Copy exactly the lines starting at the one that contains "Young couple standing" and running through the end of the material below. Exclude any pictures.

Data shown
------------------------------------------------------------
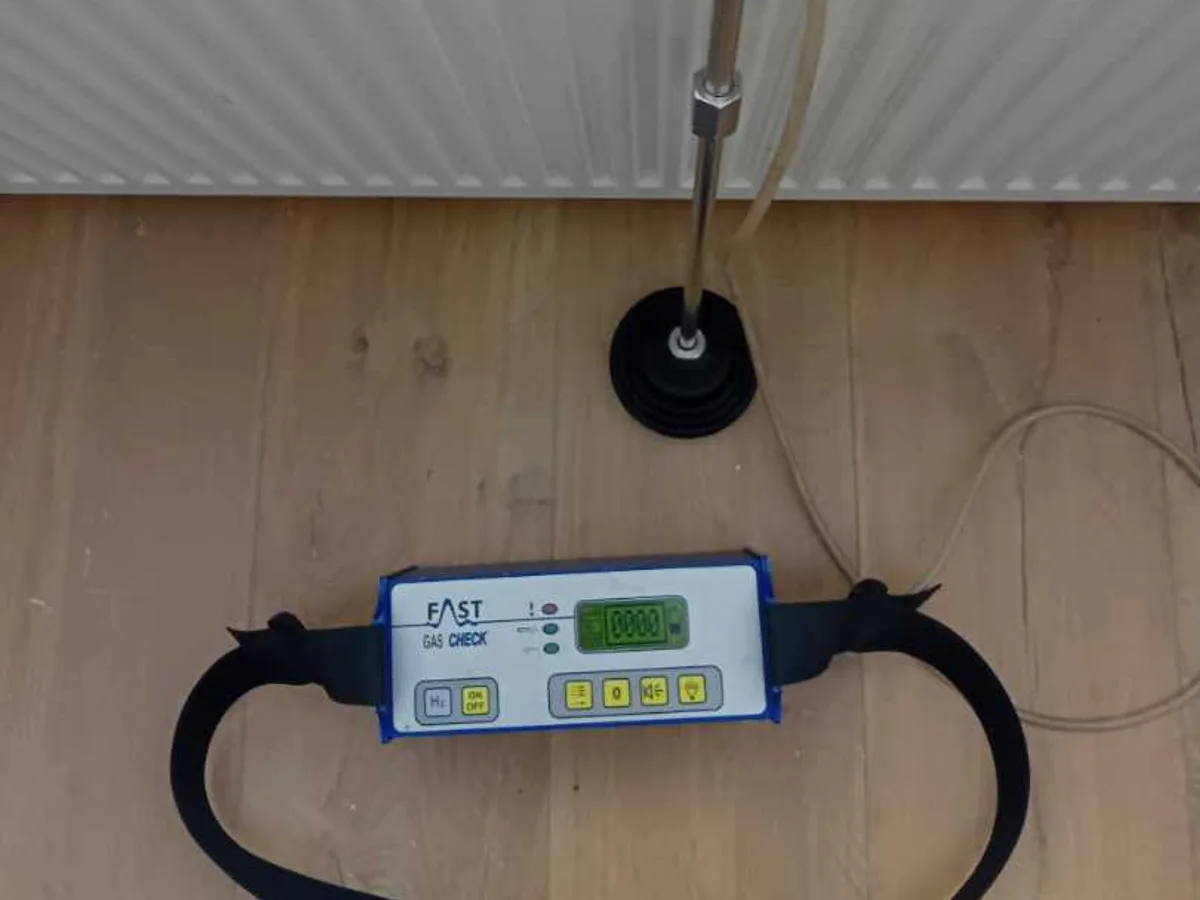 tracer gas detector probe placed at floor level beside radiator during leak detection survey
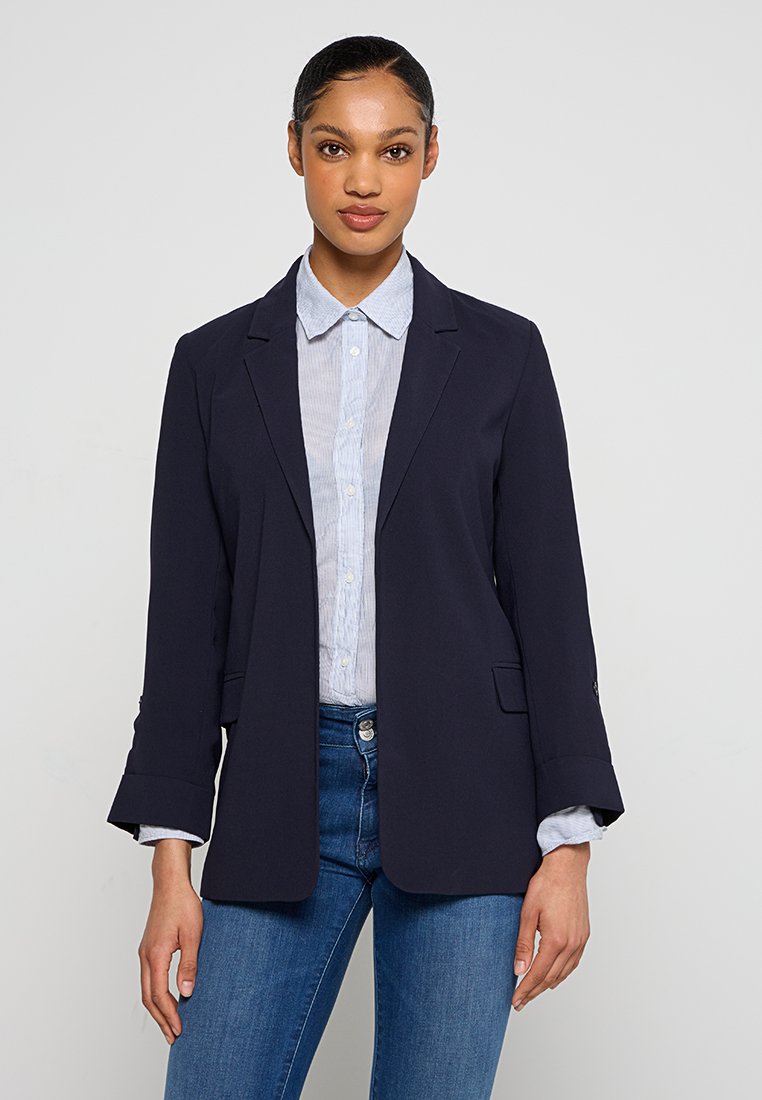 Giovane donna che indossa un blazer blu navy sopra una camicia azzurra a maniche lunghe e jeans blu, in piedi contro uno sfondo chiaro e semplice.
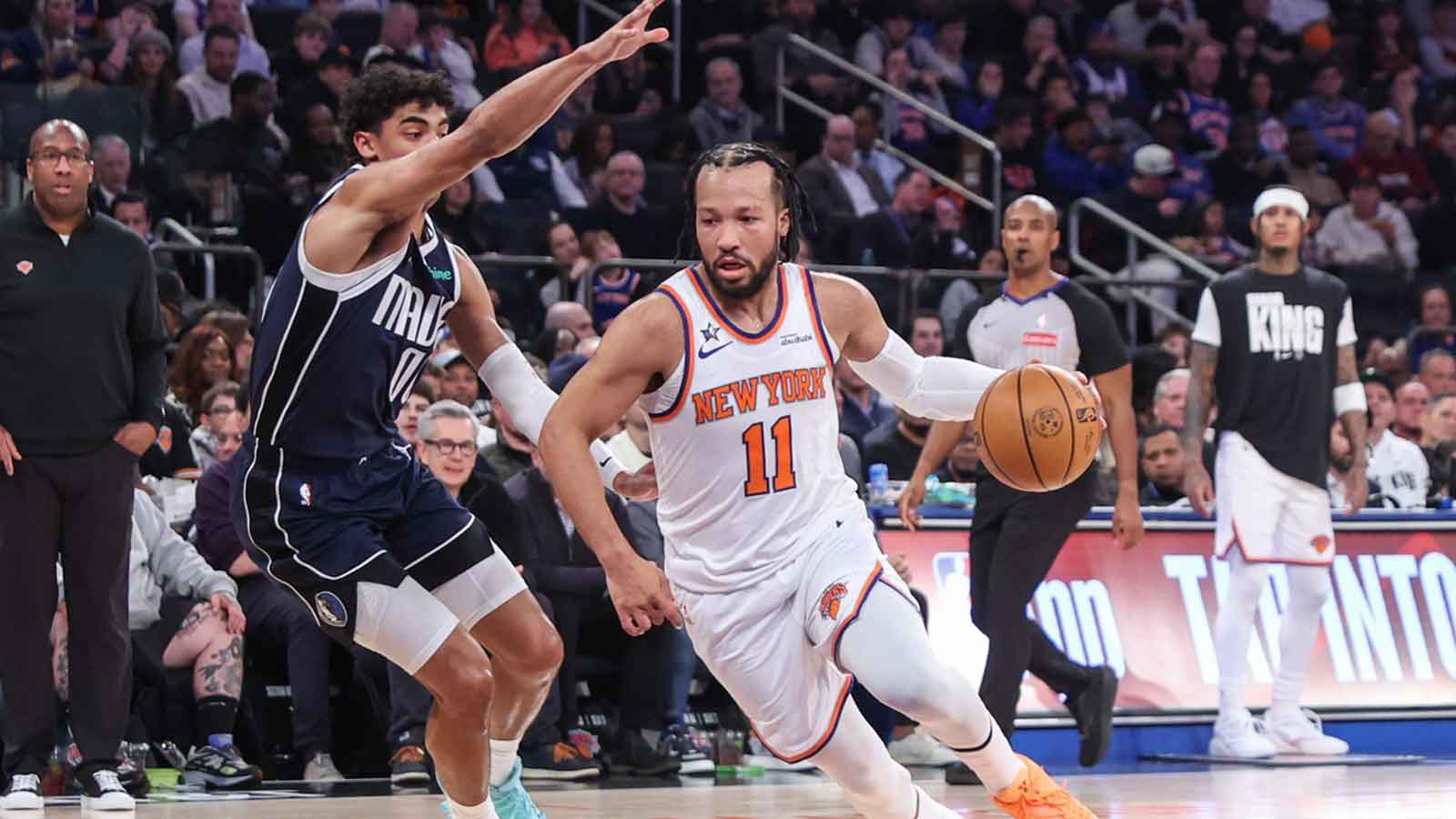 New York Knicks guard Jalen Brunson (11) drives past Dallas Mavericks guard Max Christie (00) in the first quarter at Madison Square Garden.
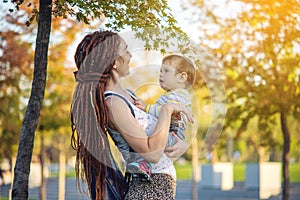 Modern happy mom with baby son walking in Sunny Park. Joy of motherhood and autumn mood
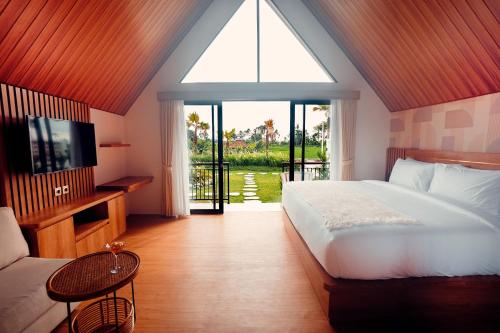 a bedroom with a bed and a tv and a window at Padi Villas by Aayan in Canggu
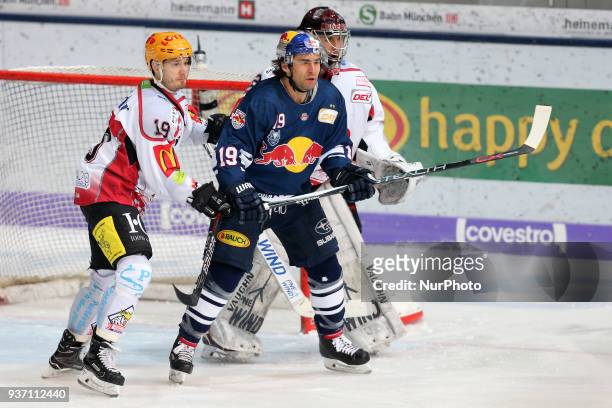 Marian Dejdar of Pinguins Bremerhaven vies Jon Matsumoto of Red Bull Munich in front of Tomas Poepperle of Pinguins Bremerhaven during the DEL...
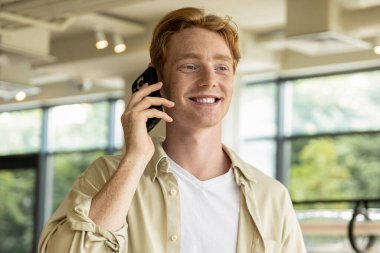 Telefon var. Gülümseyen genç adam telefonda konuşurken heyecanlı görünüyor.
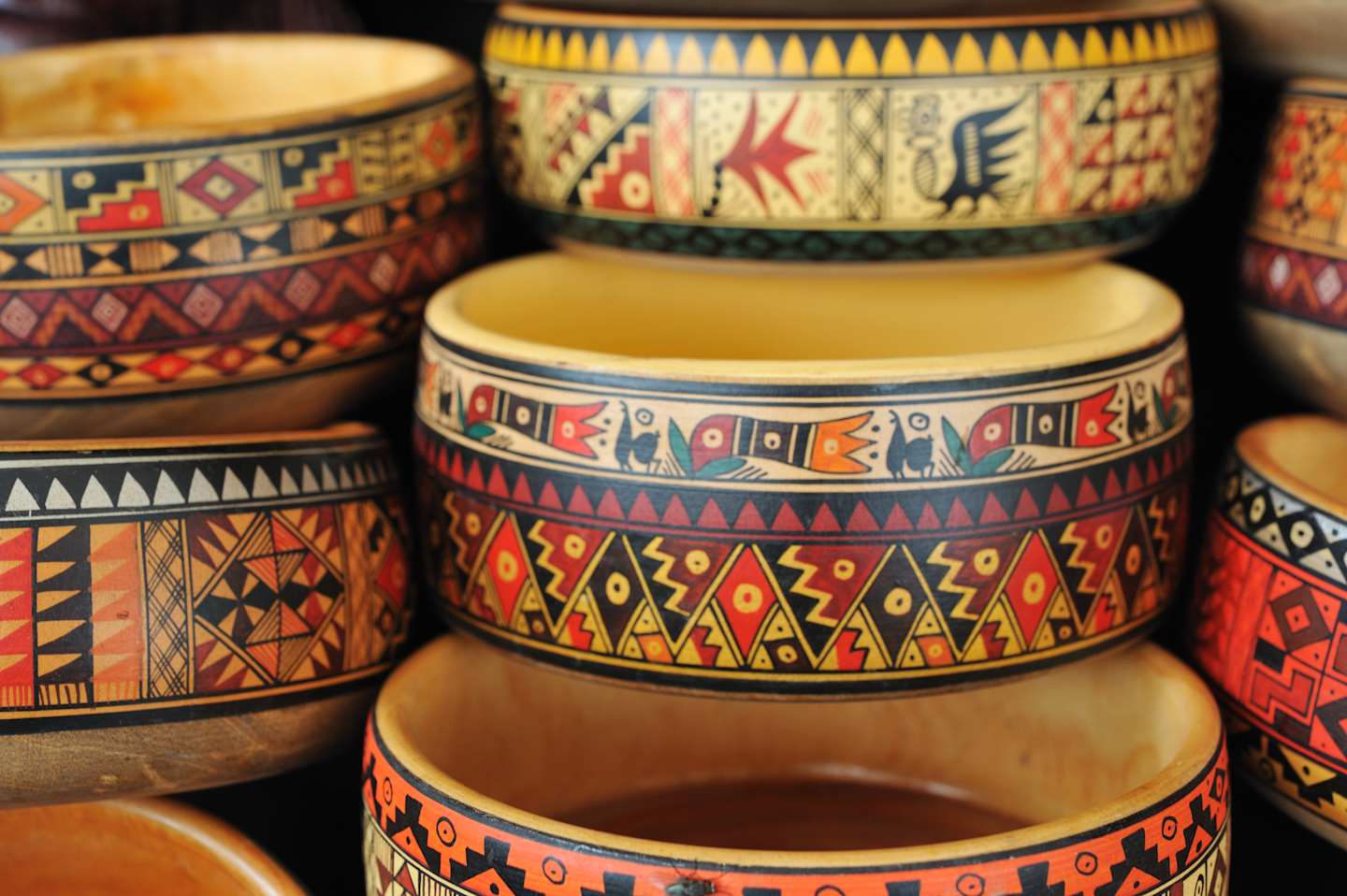 Colorful, patterned ceramic bowls or containers with intricate geometric and tribal designs, arranged in a stack.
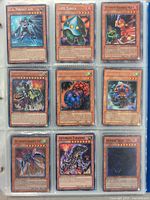 First photo showing nine Yu-Gi-Oh! cards in sleeve: U.A. Perfect Ace, UFO Turtle, Ultimate Baseball Kid, Ultimate Great Moth, a red monster, Ultimate Dragon LV3, Ultimate Insect LV7, Ultimate Tyranno, and Linsael Soul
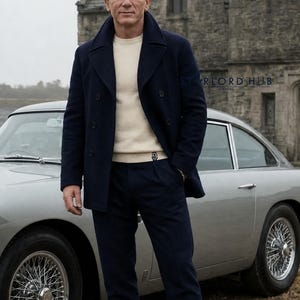 Peut inclure: Un homme porte un manteau bleu marine à double boutonnage, un pull crème et un pantalon bleu marine, à côté d'une voiture ancienne argentée. La scène se déroule en extérieur, avec un bâtiment en pierre en arrière-plan. L'esthétique générale est classique et sophistiquée.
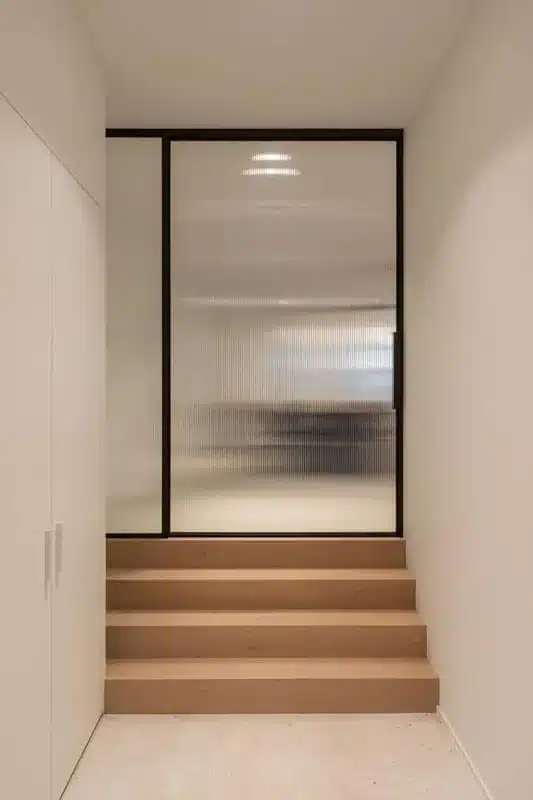 Staand zicht door een smalle gang met houten treden naar een stalen deur met geribd glas.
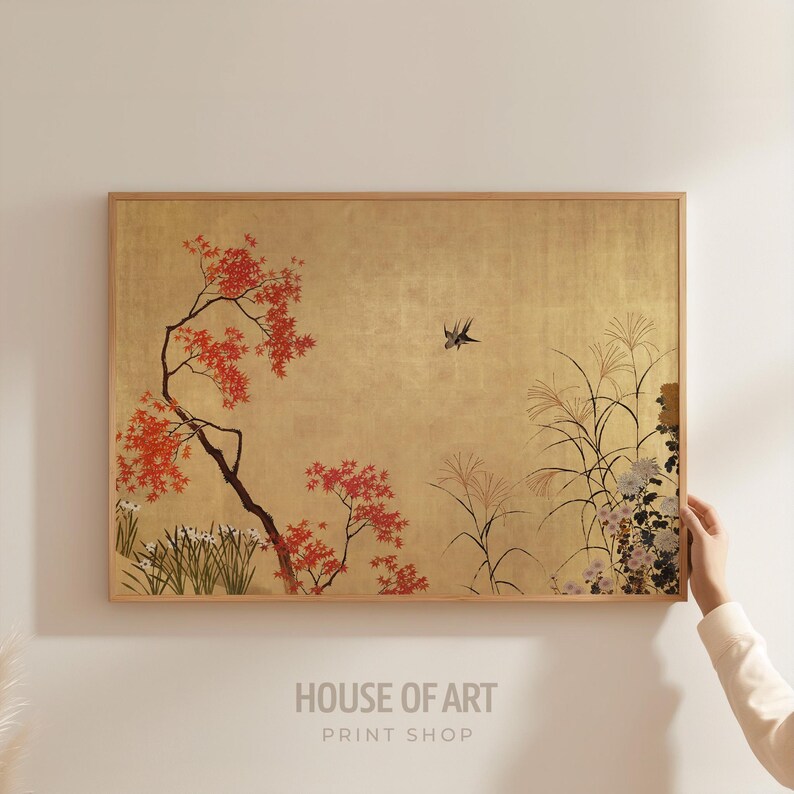 May include: A framed art print with a gold background, showcasing a Japanese-style landscape. It features a tree with red leaves, tall grasses, and a bird in flight. The text "HOUSE OF ART PRINT SHOP" is visible at the bottom of the print.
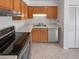 Well-lit kitchen with stainless steel appliances, light wood cabinets, and a double basin sink at 1584 S Salem Cir, Aurora, CO 80012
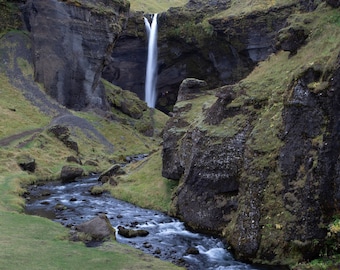 Könnte beinhalten: Ein Wasserfall stürzt von einer felsigen Klippe herab und bildet einen kleinen Bach, der sich durch ein grünes Tal schlängelt.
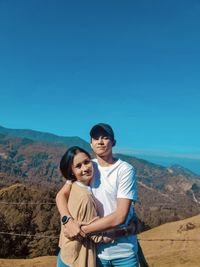 Young couple standing on mountain against sky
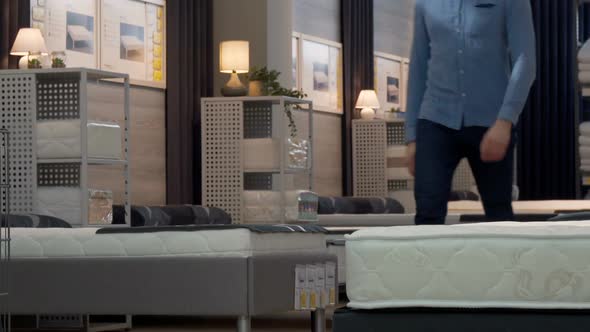 Male Customer Choosing Orthopedic Mattress and Bed at Furniture Store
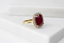 Front shot of ruby gemstone ring with halo of diamonds for festive wear - Vansh Diamonds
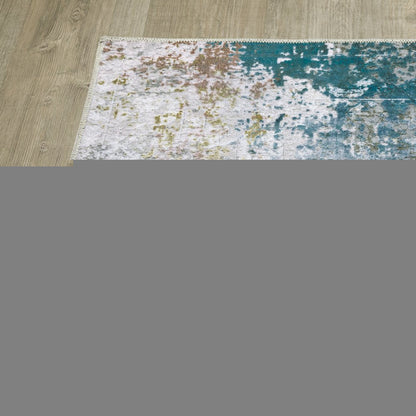2' X 3' Ivory And Blue Abstract Printed Stain Resistant Non Skid Area Rug
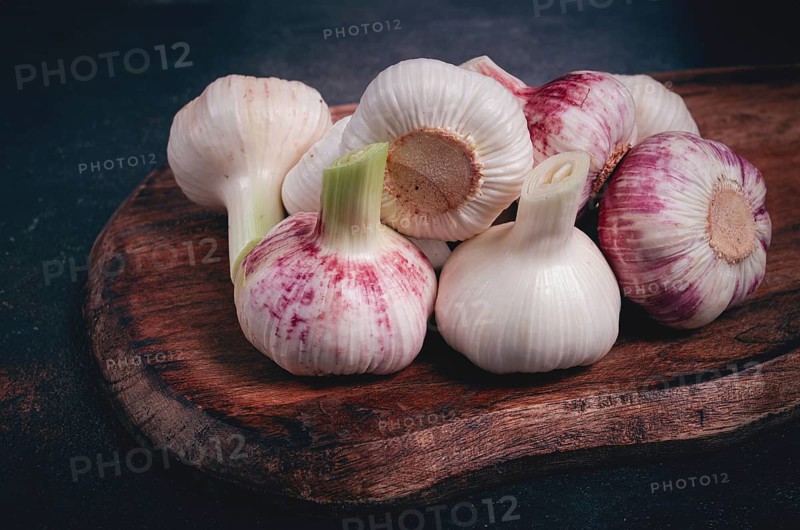 Fresh young garlic, white and purple color, on a wooden table, no people
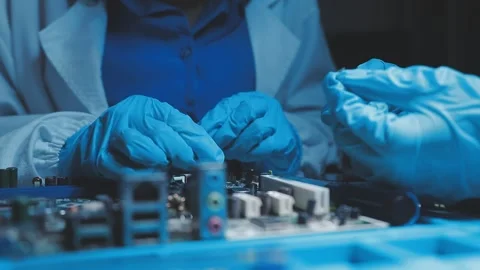 A close-up view of a technician wearing black gloves holding a computer pro.. Stock Footage 335105500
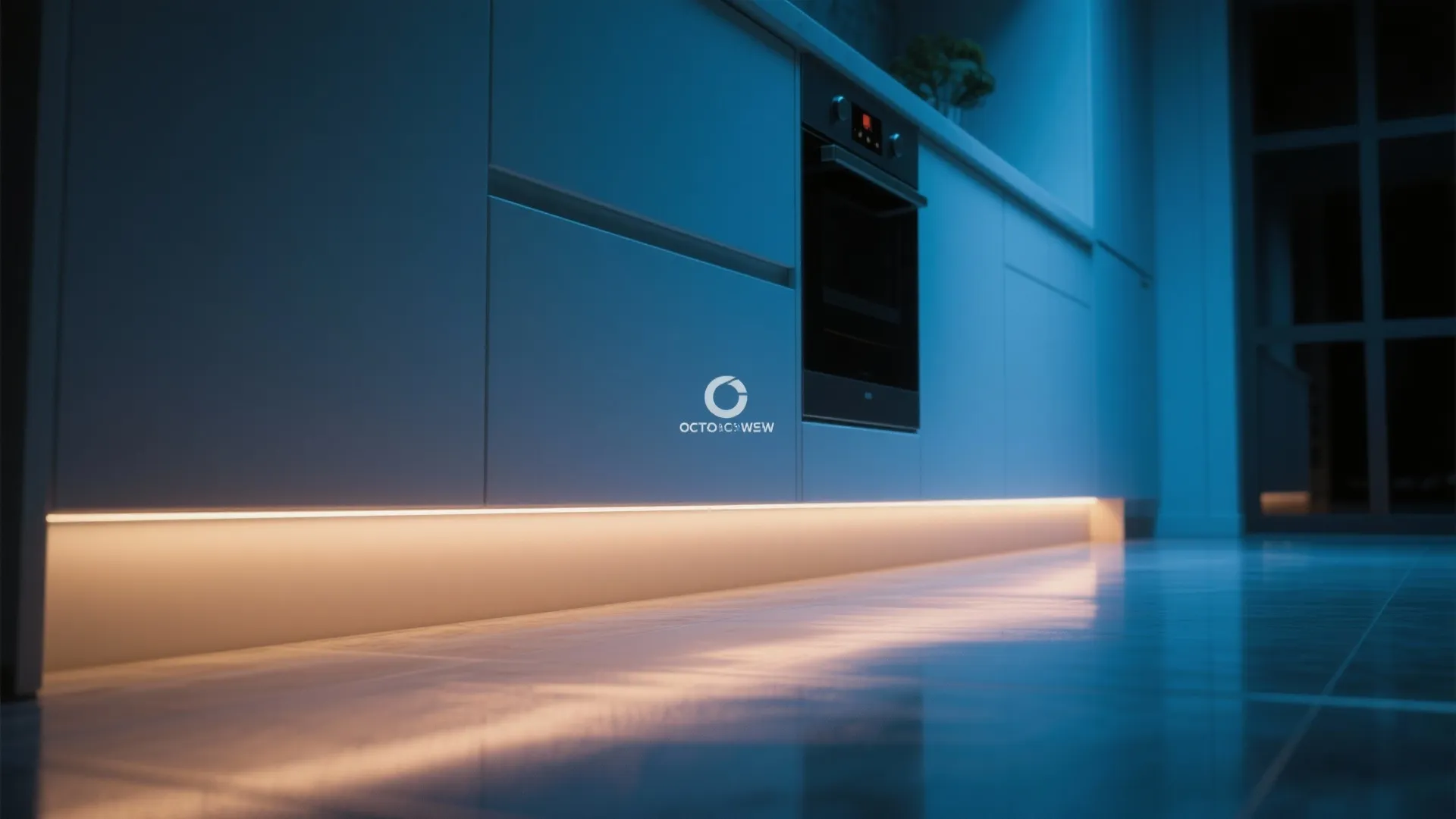 Hidden LED strip lighting under kitchen cabinets creating a soft glow.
------------------------------------------------------------
Answer for this exercise
 Young couple standing on mountain against sky
 Male Customer Choosing Orthopedic Mattress and Bed at Furniture Store
 Front shot of ruby gemstone ring with halo of diamonds for festive wear - Vansh Diamonds
2' X 3' Ivory And Blue Abstract Printed Stain Resistant Non Skid Area Rug
 Fresh young garlic, white and purple color, on a wooden table, no people
 A close-up view of a technician wearing black gloves holding a computer pro.. Stock Footage 335105500
 Hidden LED strip lighting under kitchen cabinets creating a soft glow.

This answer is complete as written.